- Exercise:
Print, in exact form, the lines below from the one containing "Taylors of Harrogate" through the one containing "Regnbue - Uldgulvtæppe - 100% Uld - White", and omit all others.

- Task data:
- Opening Delimiter -

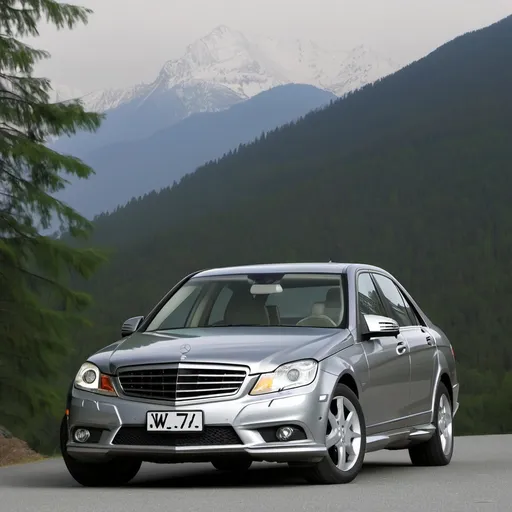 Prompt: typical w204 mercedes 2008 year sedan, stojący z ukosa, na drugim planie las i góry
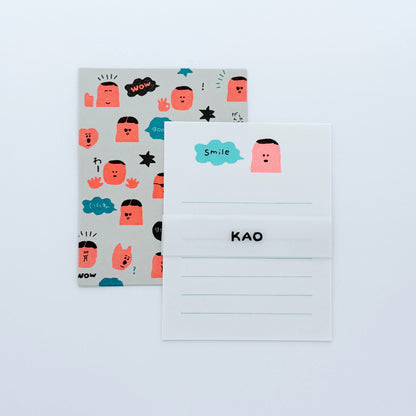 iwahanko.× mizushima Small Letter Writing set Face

- Closing Delimiter -
- Opening Delimiter -

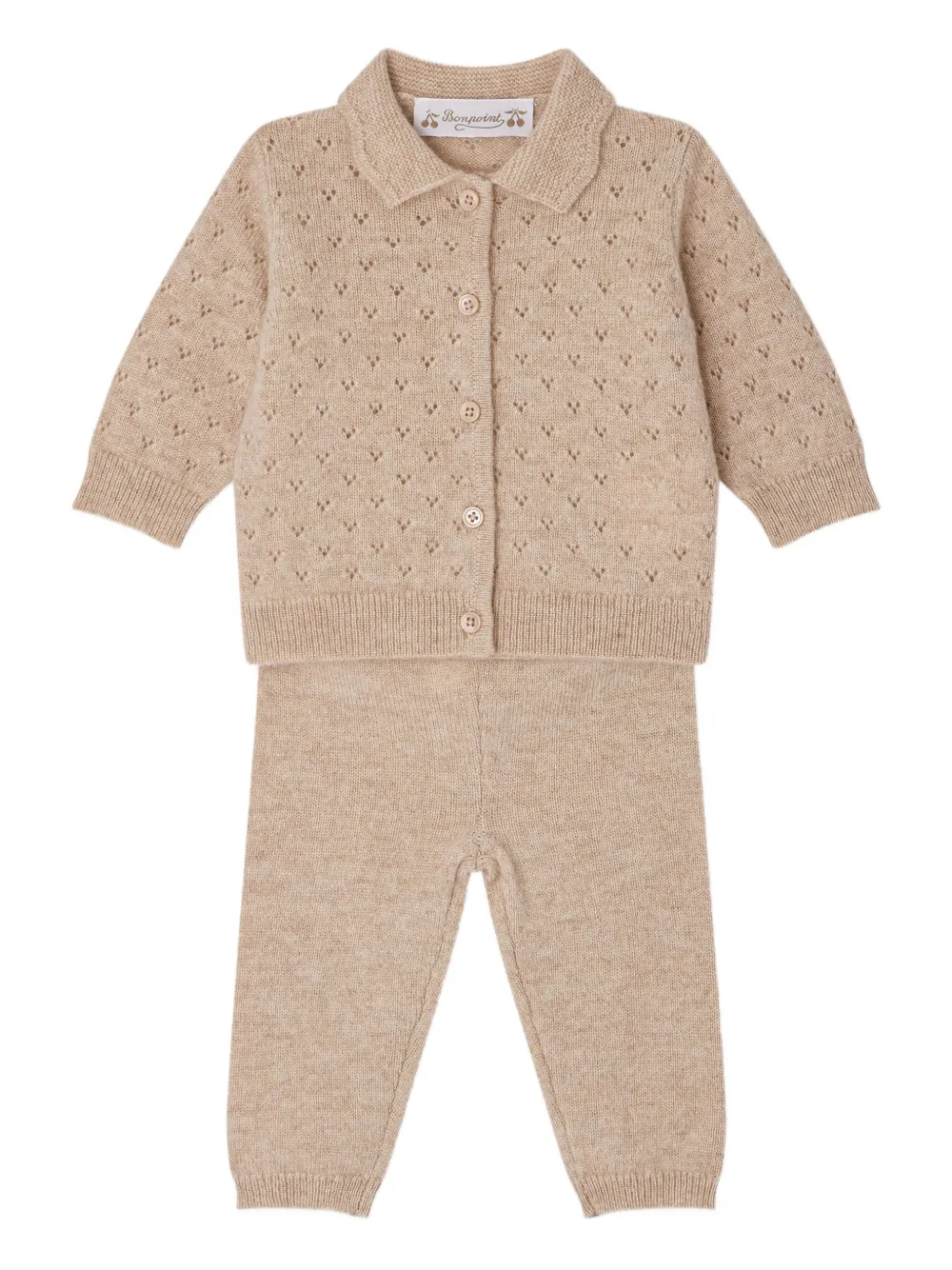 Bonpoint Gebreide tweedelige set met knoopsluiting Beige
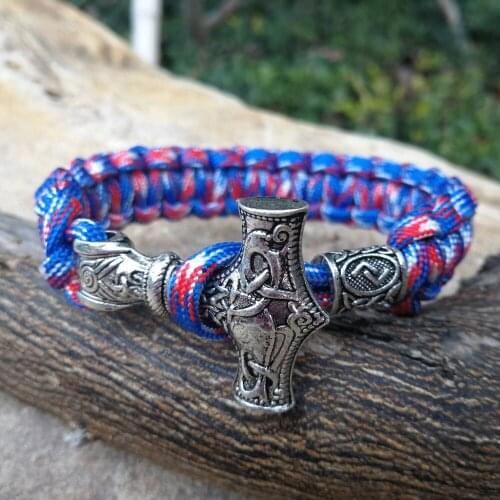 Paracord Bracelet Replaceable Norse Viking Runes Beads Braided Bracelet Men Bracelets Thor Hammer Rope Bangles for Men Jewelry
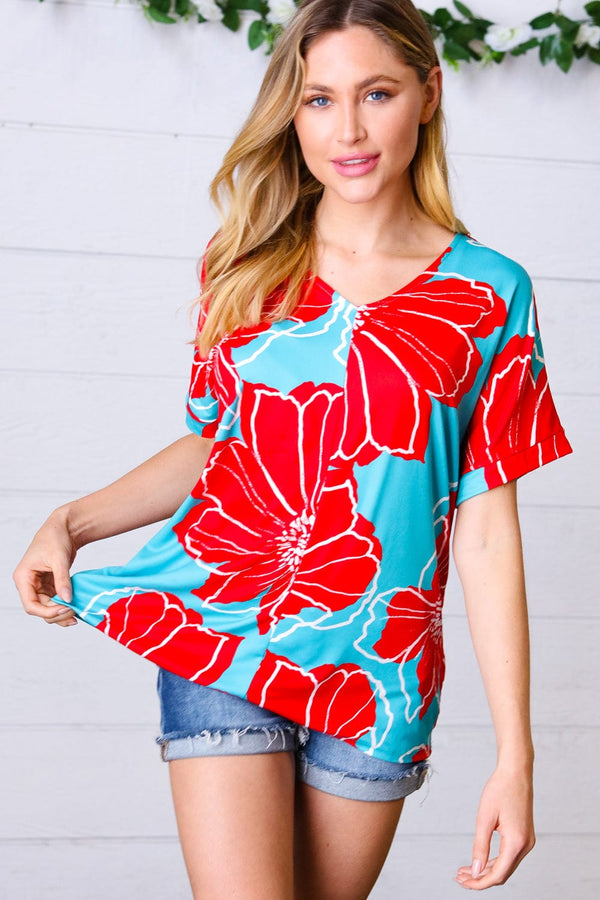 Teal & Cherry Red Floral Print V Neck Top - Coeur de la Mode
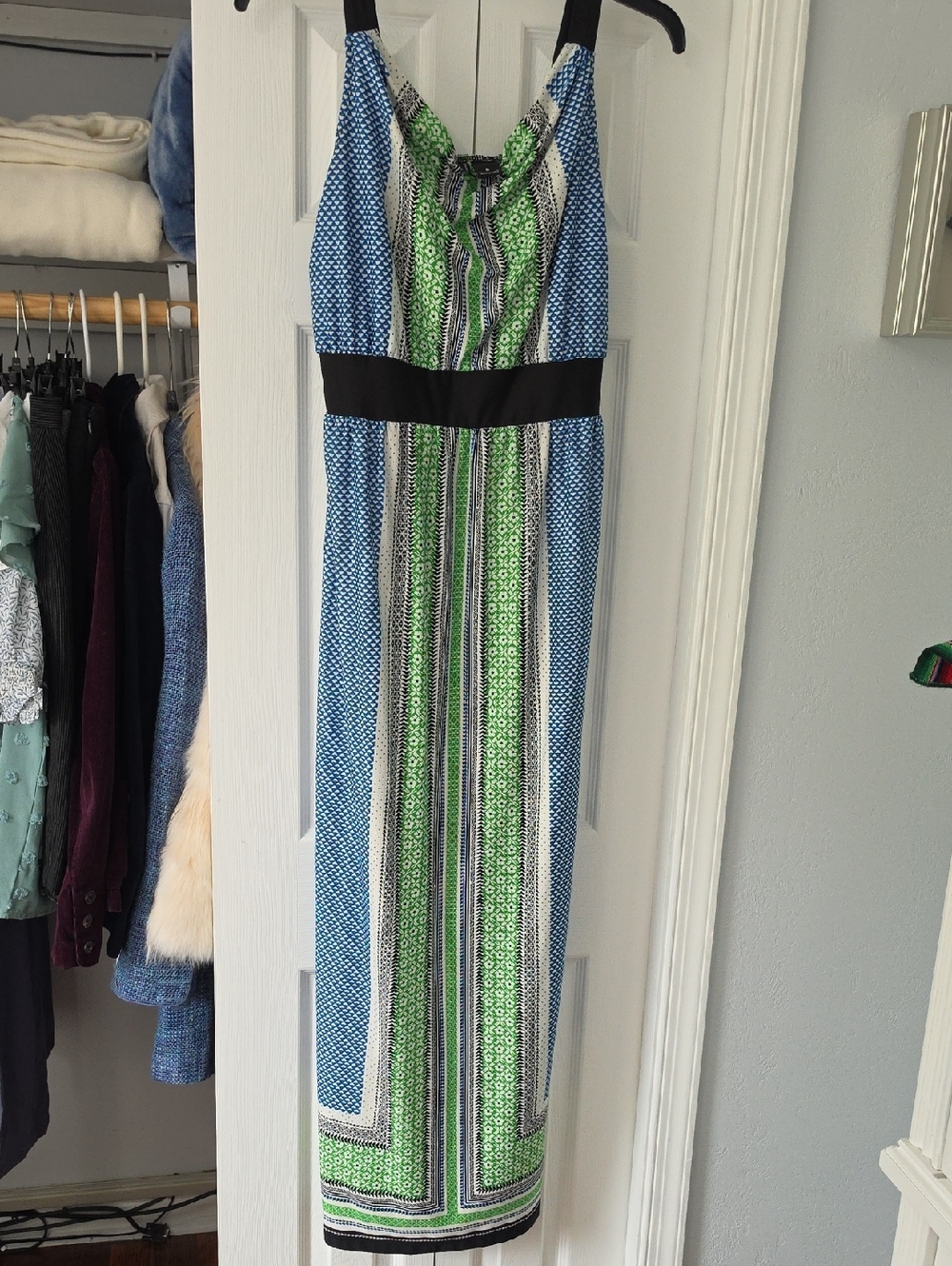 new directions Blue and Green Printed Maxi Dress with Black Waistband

- Closing Delimiter -
- Opening Delimiter -

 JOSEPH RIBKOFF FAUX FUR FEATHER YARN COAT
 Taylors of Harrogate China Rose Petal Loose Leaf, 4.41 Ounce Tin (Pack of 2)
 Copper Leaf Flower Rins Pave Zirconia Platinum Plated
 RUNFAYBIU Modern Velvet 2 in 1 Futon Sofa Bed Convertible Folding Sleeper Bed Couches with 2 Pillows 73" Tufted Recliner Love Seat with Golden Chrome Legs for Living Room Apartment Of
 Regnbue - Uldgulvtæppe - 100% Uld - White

- Closing Delimiter -

- Result below:
 Taylors of Harrogate China Rose Petal Loose Leaf, 4.41 Ounce Tin (Pack of 2)
 Copper Leaf Flower Rins Pave Zirconia Platinum Plated
 RUNFAYBIU Modern Velvet 2 in 1 Futon Sofa Bed Convertible Folding Sleeper Bed Couches with 2 Pillows 73" Tufted Recliner Love Seat with Golden Chrome Legs for Living Room Apartment Of
 Regnbue - Uldgulvtæppe - 100% Uld - White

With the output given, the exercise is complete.